To where the sun had not shone down for hundreds of thousands of years
Could well be millions—for all we know—or care there much
Think of us dressed in our bright orange overalls—we reluctantly walk
Some say, “Fook it! Turn back!”—well—that’s it for them!
The temptress sun won out—at least—over—two or three!
Well to The Welfare Club—then catch the day bus back home!
Tatty—torn—ripped—stained with oil—grease—are our orange overalls
From the shifts we’d completed
Survived—that week—down The Pit
Lamps fixed—attached to our white helmets
Helmets—showing clear evidence of The Pit—uncertainty
Evidence—of being hit—somer’t – solid—hitting our helmets!
Some hang lamp cabals—around our necks
Batteries and self-rescuers on our belts
Self-rescuers—a device—should fire break out
Always a probability!
Time and conditions allowing
Lads—trained—to remove helmets—pull of the lid
Off the metal steel box—affix—the device over nose and mouth
Helmets—back on
Device—purifies—the air we breath—well, breathable air!
Forty five minutes to walk out—to safety
Providing we are able to walk—walk to—Pit Bottom
The most experienced collier could make the wrong decision
Go in, “Bye!” And perish
The Pit would be total blackness—lamps would be of little use
Reveal—show—nothing—only dust—coal and stone—flickers
So we hope self-rescuers will not be needed that day
Black leather steel-capped boots—carry us—as each step we take
Takes us closer to—The Cage!
Idle chat—jokes—pit banter—some even funny!
Walk towards the winding house—to The Cage
Across—The Pit Yard
Three decks—thirty five men to a deck—that will take us down
Hades awaits!
We each hand over our brass riding check to the banksman—for the records
We have two—one we kept—each one has our pit number—stamped
A mile below ground—Kent’s green and pleasant land
In to a world that not even Dante could’ve imagined
Take us down—down—down—to Hades! Man-made hell—under Kent
We give our ridding brass token to the on-siter
Walk on to The Cage
When each man is on—the gates are pulled shut—shutting us in
We hear the sound of bell tolling twice—signalling, “Going in, bye.”
Some chat—others crack jokes—others are quiet
Then suddenly—without warning—the cage drops!
Out of control! All goes quiet now—so quiet—the hearts beat—faster
No panic—that—goes on inside our minds—minds frozen—with fear!
I swear I could hear the speeding hearts—beating—blood pumping—heavy breathing
All are thinking, “Is this it?”
Most—trying not to think! Minds trying to blank
Out thoughts! Stop—thinking!
The Cage plunders down—down—towards—the sump—the very bottom
Of the Pit—Hades—awaits us all—certain death—to embrace us all in death!

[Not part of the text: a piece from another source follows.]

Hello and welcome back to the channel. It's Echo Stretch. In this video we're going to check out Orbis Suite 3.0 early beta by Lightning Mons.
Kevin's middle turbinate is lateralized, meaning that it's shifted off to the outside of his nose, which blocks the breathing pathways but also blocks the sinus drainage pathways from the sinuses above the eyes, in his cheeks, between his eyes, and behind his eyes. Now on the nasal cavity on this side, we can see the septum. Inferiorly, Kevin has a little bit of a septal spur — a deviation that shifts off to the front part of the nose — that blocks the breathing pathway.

Total silence—The Cage—drops us—ever downwards—to Hades
Will The Cage ever stop? Before it crashes into a twisted—bloody heap
Its human cargo broken—a pile of broken bones—lifeless—bodies
Thigh bones—leg bones—shin bones—foot bones—forced—through our yielding
Soft flesh—our blood—released—mixing with the coal and stone dust—oil and grease
Stagnant—water—oh, what a stench—down there—where we’re going to perish—down—there!

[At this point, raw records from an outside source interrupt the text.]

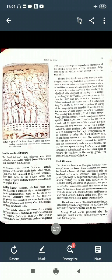Themes from Jataka stories are depicted in sculptures on many Buddhist monuments, such as the stupa at Barhut and Sanchi. Jo theme hai Jataka stories ka, woh chitrit ki gayi hai bahut sari murtiyon par jo Buddhist monuments - Buddhist yadgaar hain. A stupa is a type of Buddhist monument - stupa jo hai ek tarah ke Buddhist monuments hote hain.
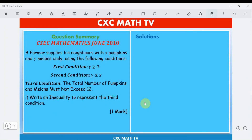This question is taken from June 2010. A farmer supplies his neighbors with x pumpkins and y melons daily using the following conditions: y is greater than or equal to 3, y is less than or equal to x, and the third condition — the total number of pumpkins and melons must not exceed 12. Write an inequality to represent the third condition.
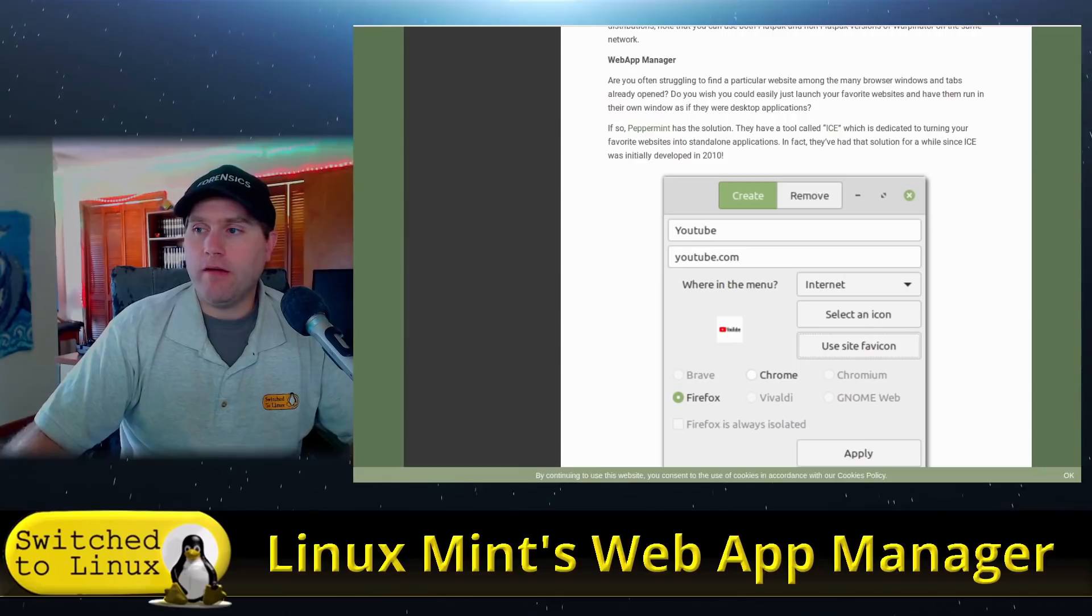Fast forward to 2020, and the Linux Mint team is working with the Peppermint team to implement their own version of this as a Linux Mint tool.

Of the impact—the revolting mess—that would be—us—I know of that
I’d read of such an “incident”—I hoped none of the lads had!

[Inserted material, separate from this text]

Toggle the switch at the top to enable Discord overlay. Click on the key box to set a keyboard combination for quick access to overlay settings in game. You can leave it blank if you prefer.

Then as suddenly—The Cage—stops its deadly plunge—emergency braking
System—applied—it—works! Thank fook!
All the lads were very—very quiet—each—still in fear of what
Could’ve been—our ending that day!
A lad snaps out of his fear—(that were me!)
Says to one and all:
“Don’t know about you lads, but I’ve just dyed me orange overalls a deep brown from the inside!”
A spontaneous cry of “You bastard!”—broke the silence!
Yes—a brown trouser moment!
We had survived—something—rather nasty
An electrician had been working on the wiring—above—caused the trip
With his booted foot
The emergency braking system kicked in
Saving us from certain misfortune—oblivion—death!
The Cage Incident—never made it into the news—as no one died—that day!

The Dyslexic Wordsmith.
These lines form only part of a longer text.